Haklı bir sebep olmadan nişanı bozan veya kusuruyla nişanın bozulmasına sebep olan taraf diğer tarafa dürüstlük kuralları çerçevesinde evlilik nedeniyle yapılan harcamalar ve katlanılan maddi fedakarlıklar karşılığında bir tazminat ödeyebilir. Nişan nedeniyle yapılan giderler de bu çerçevede talep edilebilir. Aynı durum tazminat istemeye hakkı olan tarafın anne ve babası içinde geçerlidir. Tazminat istemeye hakkı olan tarafın anne ve babası da nişan nedeniyle yaptıkları harcamaları ve nişan giderlerini karşı taraftan talep edebilirler.
Nişanın bozulması nedeniyle manevi açıdan zarar gören yani kişilik hakları saldırıya uğrayan taraf hakkaniyet ölçüsünde kusuru olan taraftan bir manevi tazminat talep edebilir.
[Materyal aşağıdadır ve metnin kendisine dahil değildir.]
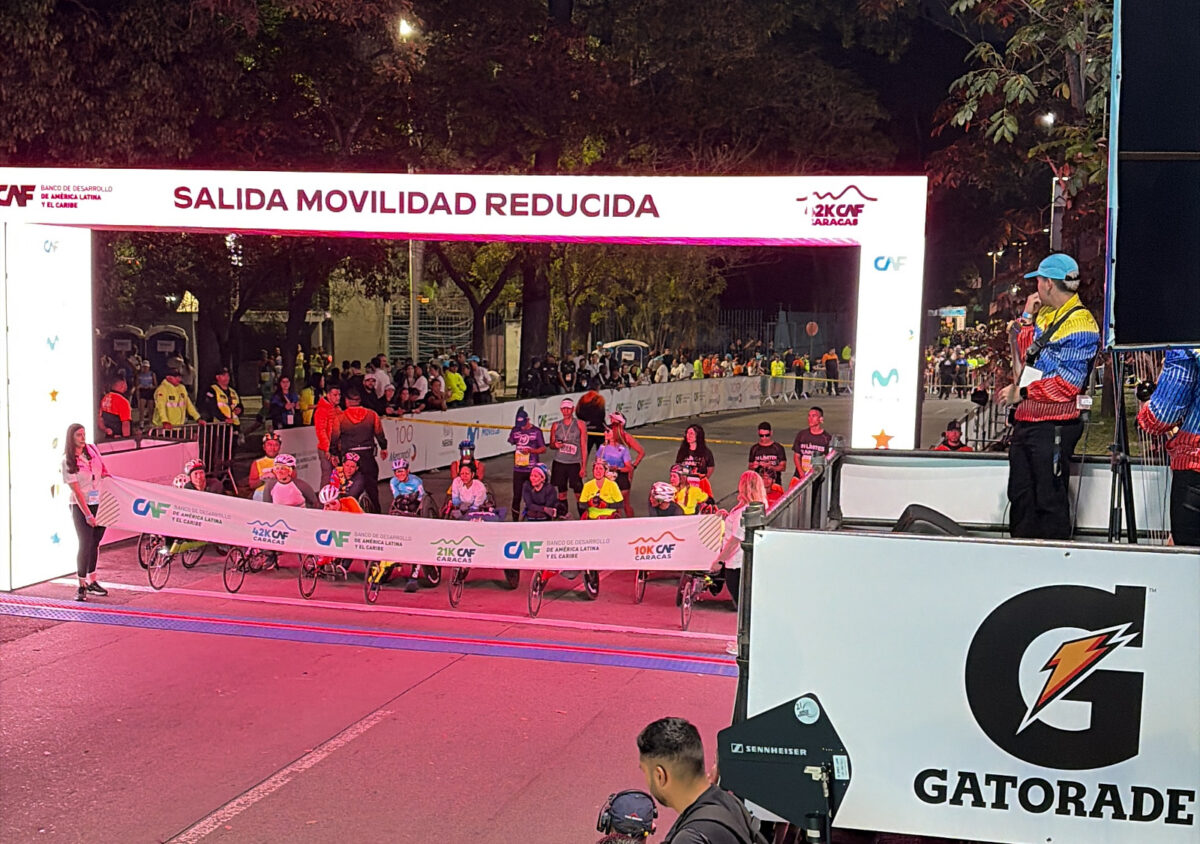 El panameño Castelblanco y la ecuatoriana Ortiz establecieron nuevos récords en los 42K del Maratón CAF 2026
Nişanlanmanın evlilikten başka bir nedenle sona ermesi halinde kadın ve erkeğin birbirlerine ve ayrıca anne ve baba ile onlar gibi hareket eden kişilerin taraflara almış oldukları önemli hediyelerde iade edilir. Burada kanun önemli hediyeyi “alışılmışın dışında” olarak tarif etmektedir. Anlatılmak istenen normal şartlarda verilmeyecek olan hediyelerdir. Bu hediyelerin aynen iadesi mümkün değilse sebepsiz zenginleşme hükümleri uygulanır. Nişanlanma ile alakalı bu davalara ilişkin talepler 1 yıl geçmekle zamanaşımına uğrar.